Billions of pounds have been raised and spent, but we have no idea where the money has gone. With a record like that, the Chancellor should be running for treasurer of the Labour party.

In his Budget, the Chancellor mentioned pensions. After everything that he has done, millions of people in this country will think that he has got a nerve. This is the Chancellor who took £5 billion out of the nation's pension funds, and whose means testing destroyed savings. No mention was made of whether his pre-election bribe of £200 would be continued: I expect that we will have to find that in the Red Book.

This is the Chancellor who caused the right hon. Member for Birkenhead (Mr. Field)—the Government's first pensions Minister, and the only one who was any good—to say:

The Chancellor who smashed up the pension system cannot be the right person to rebuild it.

Labour MPs may think that the Chancellor is their salvation from the mess that they find themselves in this week, but the big policy failures of this Government—as opposed to the sleaze and the spin—are his failures.
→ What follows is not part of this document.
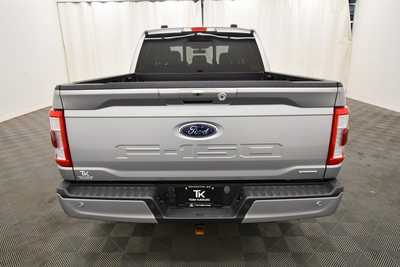2023 Ford F150 Crew Cab, $49497. Photo 6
The failure to spend money wisely, to reform public services, to protect people's pensions, and to prepare for Britain's future—those failures are made in Nos. 10 and 11 Downing street.

The Chancellor may see himself as the rock on which Labour can rebuild its church. Instead, he is the roadblock stopping Britain from meeting the challenges of the future. He is an analogue politician in a digital age. He is the past. [Interruption.]